The Linux development model is obviously not the only one for developing software. It depends on the commitment and knowledge of its user base to succeed. Such users simply may not be available for every type of program. End user applications (such as video games) have been slow to develop under open source or free software development models.
Nonetheless, the Linux development model is useful (and powerful in its applications) for much more than just Linux itself. The same Linux-style development has been used successfully for a large number of programs.

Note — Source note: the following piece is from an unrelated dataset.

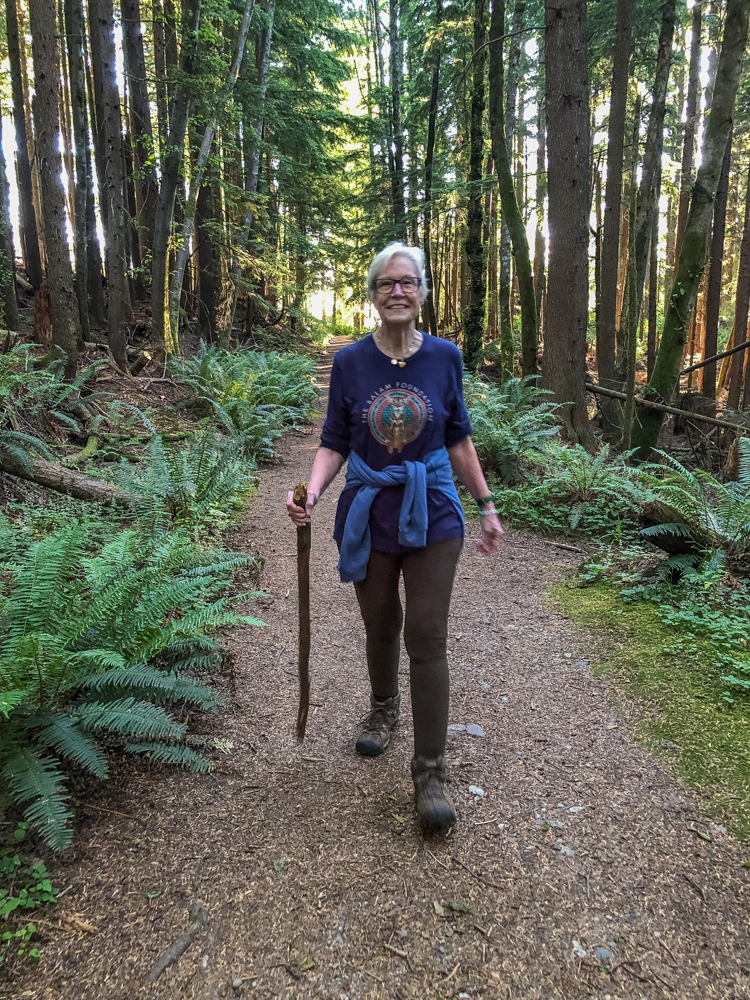 Proud and confident returning from Squak's Central Peak, her longest hike and highest point yet.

While the choice of a particular license is an important factor, it is far from the only factor in determining the development of any given project. Both Linux and the GNU project's many developments were created under the same license, the GPL. Nonetheless, as just described, they follow very different patterns of development. The circumstances surrounding the development of a project, and, in particular, the personalities of those involved and the technology available to its originators, developers, and users, can have far more to do with the success of a project than the choice of a particular license.
 The very first releases of Linux were released under an open source license of Torvalds' own devising. Torvalds, however, adopted the GPL early on and it has covered every subsequent distribution of Linux.

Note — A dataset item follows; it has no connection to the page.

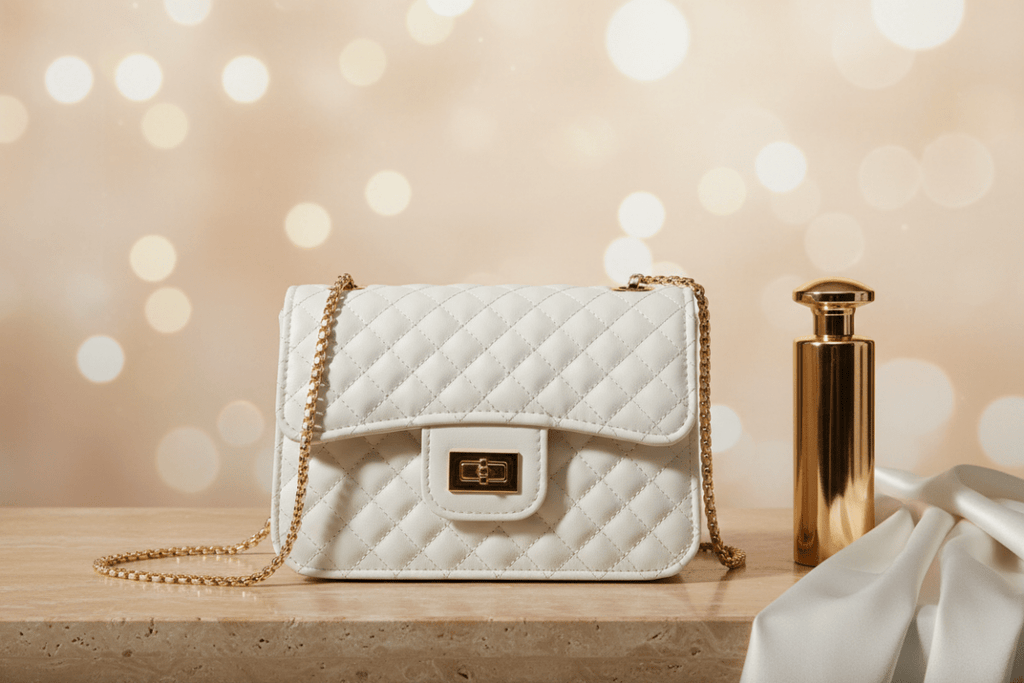Quilted altın zincirli beyaz flap bag stüdyo görseli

The open development model may even keep code "open" that the governing license would permit to be closed, by incorporating it into a proprietary license. For example, as described in Chapter 2, the Apache License permits distribution of modified versions under proprietary licenses. In June of 1998, IBM announced that it would ship Apache as part of its WebSphere group of programs and provide continuing enterprise level support for it. As a natural consequence of this adoption, IBM developed its own modifications to the Apache software and distributed them under a license that it had written for this purpose, the IBM Public License. The original Apache license permitted IBM to license its modifications under a proprietary license and not to disclose their source code, and the IBM Public License did nothing to limit its ability to do so. Nonetheless, IBM continued to publish its source code and to freely permit the adoption or modification of its own work. The reason for this was simple. If IBM kept its code proprietary, eventually its version of Apache would depart from the standard Apache version. Future modifications to the standard version would become more difficult to port to IBM's version. IBM would lose the benefits of the open development process for its own version of Apache, as users and potential contributors would have less incentive to contribute bug reports or patches to it particularly when a strong competitor, such as standard Apache, existed in the same marketplace.

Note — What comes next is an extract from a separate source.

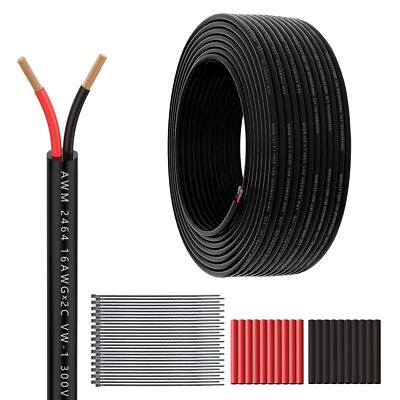 16 Gauge 2 Conductor Electrical Wire 20feet 16/2 Extension Cable UL2464 DC5V/...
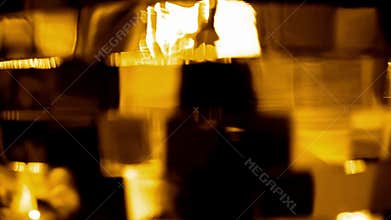 Sparkling gold disco ball on a glowing background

 The circumstances surrounding IBM's decision to support Apache are described in rebel code: inside linux and the open source revolution, by Glyn Moody, (Perseus Publishing, 2001) at page 205 and following.
In short, if IBM wanted to remain a contributor to the process (as well as a beneficiary in the fullest sense), it had to contribute, or at least not to keep whatever contributions it had already made to itself. Regardless of the terms of either of the applicable licenses, IBM's or Apache's, to get the full benefits of open source development, IBM had to live by open development rules.